Sehr verehrter Herr Präsident, meine Damen und Herren Abgeordneten, ich habe Ihnen namens der Landesregierung aufgezeigt, welche Auswirkungen
die derzeitigen bundespolitischen Überlegungen im Hinblick auf die Kürzung des Elterngeldes haben können. Ich habe Ihnen auch aufgezeigt, dass diese Landesregierung Familienpolitik in all ihren Facetten und die Förderung der Kinder und ihrer Familien als politischen Schwerpunkt in der Koalitionsvereinbarung vereinbart hat und Stück für Stück in die Tat umsetzt. Deshalb begrüße ich den Alternativantrag der beiden Regierungsfraktionen ausdrücklich. Ich verstehe ihn als realistischen Auftrag zur Sicherung familienpolitischer Leistungen und sozialstaatlicher Leistungsfähigkeit sowie zur künftig besseren Teilhabe und Förderung insbesondere von Kindern im Rahmen der Leistungen des SGB II. Ich danke für die Aufmerksamkeit.
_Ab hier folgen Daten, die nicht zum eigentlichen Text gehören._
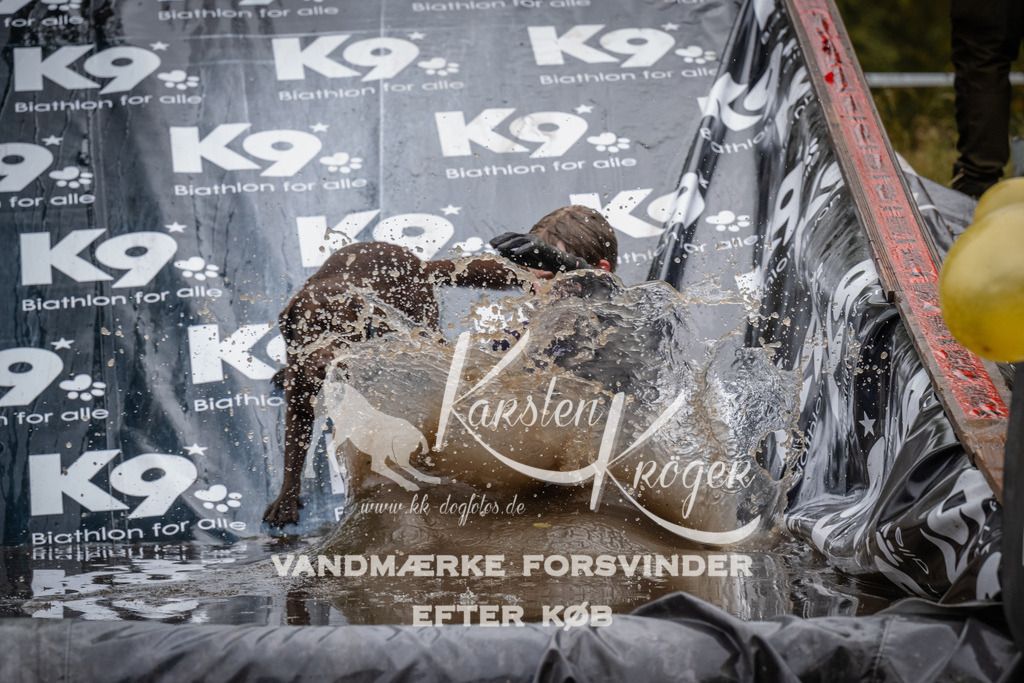 1218_ZZ94865 | kk-dogfotos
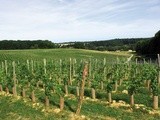 Belgique : le vin en poupe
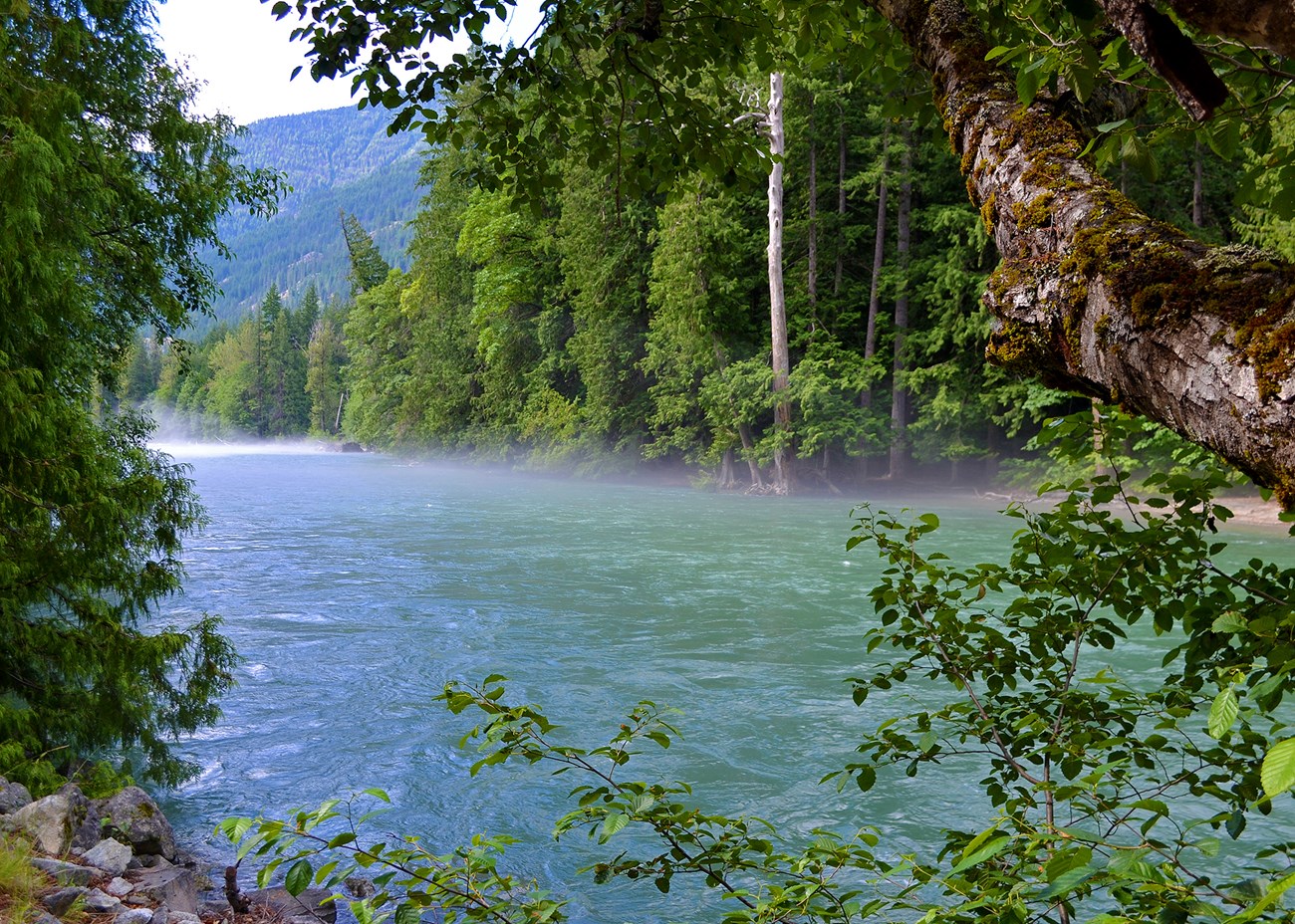 A river surrounded by mountains and lush forest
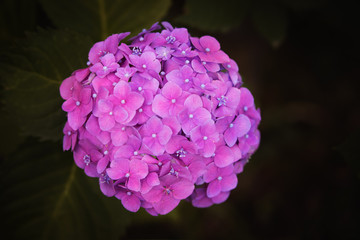 Obraz premium Pink Purple Hydragea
Danke, Frau Ministerin, für den Sofortbericht. Mir liegen jetzt zum Sofortbericht von allen Fraktionen Redemeldungen vor. Ich gehe also davon aus, dass alle Fraktionen die Aussprache wünschen. Dem wird nicht widersprochen. So eröffne ich die Aussprache und erteile das Wort dem Abgeordneten Gumprecht von der Fraktion der CDU.
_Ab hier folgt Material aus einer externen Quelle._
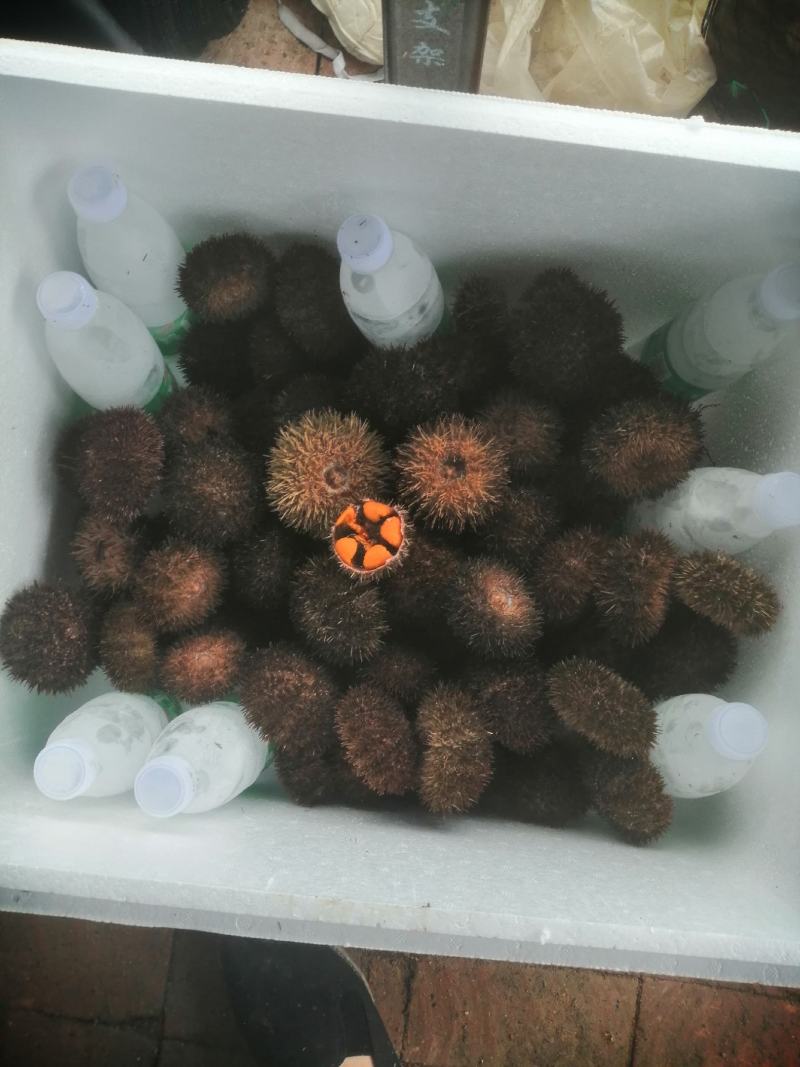 欢迎选购马胆海胆产地直销品质保证欢迎咨询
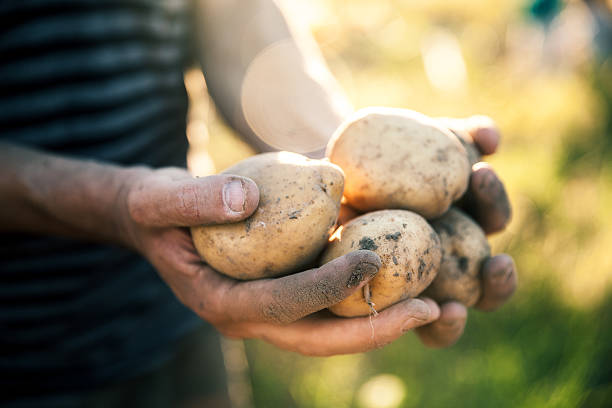 istock Potatoes grown in his garden. Farmer 625191378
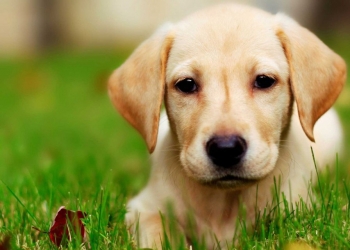 LABRADOR RETRIEVER: TUTTI I SEGRETI DI QUESTO CANE CHE SORRIDE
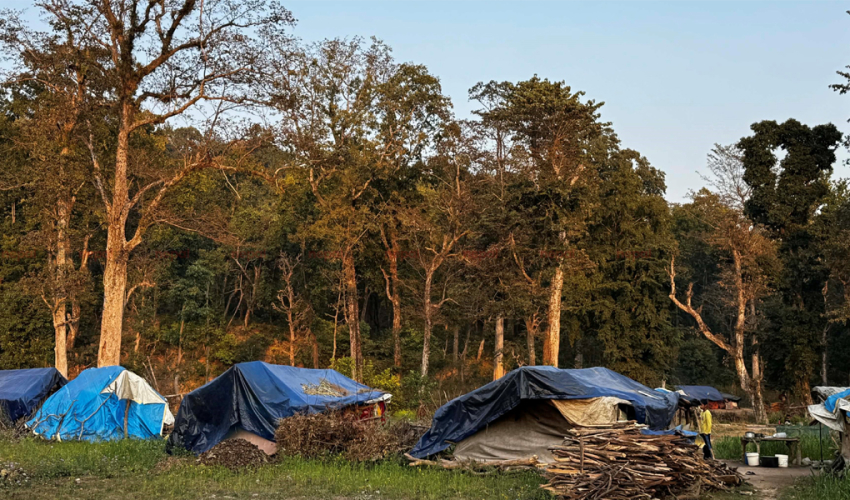 कैलालीको चुरेमा वन संरक्षण गर्न चुनौती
Herr Präsident, meine sehr verehrten Damen und Herren, zunächst möchte ich auf den Antrag der LINKEN eingehen. Sie unterstellen im Antrag, dass das Sparpaket der Bundesregierung zu einer grundsätzlichen Schlechterstellung von Kindern und Alleinerziehenden führt. Wir haben einen Alternativantrag eingereicht, weil wir das Anliegen zu sparen für richtig halten, aber auch eine soziale Komponente im Blick haben. Wir wollen Kinder und Familien stärken.
Meine sehr verehrten Damen und Herren, wie ist die derzeitige Situation der geplanten Maßnahmen der Bundesregierung? Richtig ist, die Bundesregierung hat nach der Klausurtagung ein sogenanntes Sparpaket mit einzelnen Eckpunkten angekündigt. Es ist auch richtig, wir müssen jetzt sparen. Die Ereignisse - vor allem in Griechenland - zeigen, die öffentliche Verschuldung darf nicht uferlos ausgedehnt werden und muss beherrschbar bleiben. Deutschland steht zwar im internationalen Vergleich noch gut da, aber auch unser Land könnte wegen seines gewaltigen Schuldenbergs und möglicher gestiegener Zinskosten handlungsunfähig werden, denn Deutschland hat insgesamt 1,7 Billionen € Schulden. Die staatlichen Leistungen, die heute bereits 50 Prozent aller Ausgaben ausmachen, und unser Wohlstand sind langfristig nämlich nur sicher, wenn der Staat ein solides finanzielles Fundament hat. Die Schuldenbremse im Grundgesetz gibt einen klaren Rahmen für die Konsolidierung vor. Es muss gespart, nicht kaputtgespart,
Grundsätzlich zum Sparpaket: Zentrales Ziel der Bundesregierung ist es - wie sie sagt -, das wirtschaftliche Wachstum in Deutschland nachhaltig zu stärken. Die Konsolidierung soll deshalb schwerpunktmäßig auch auf der Ausgabenseite erfolgen. Die Ergebnisse der Klausur der Bundesregierung mit dem von ihr bezeichneten Titel „Zukunftspaket“ in Höhe von 80 Mio. € Einsparungen für die kommenden vier Jahre kürzt bei Verwaltung, kürzt bei Wirtschaft und kürzt auch bei den Sozialleistungen. Die Frage ist konkret: Wo sparen und in welchem Umfang? Denn bei jedem Betroffenen wird jede Reduzierung als ungerecht empfunden. Die Sozialleistungen im Jahr 2010 betragen 170 Mrd. € und machen so über die Hälfte der Bundesausgaben aus. Die geplante Einsparung von 5 Mrd. € entspricht etwa 3 Prozent. Es ist klar, dass zunächst Rentner und Behinderte, die an ihrer Situation nur wenig ändern können, ausgespart werden.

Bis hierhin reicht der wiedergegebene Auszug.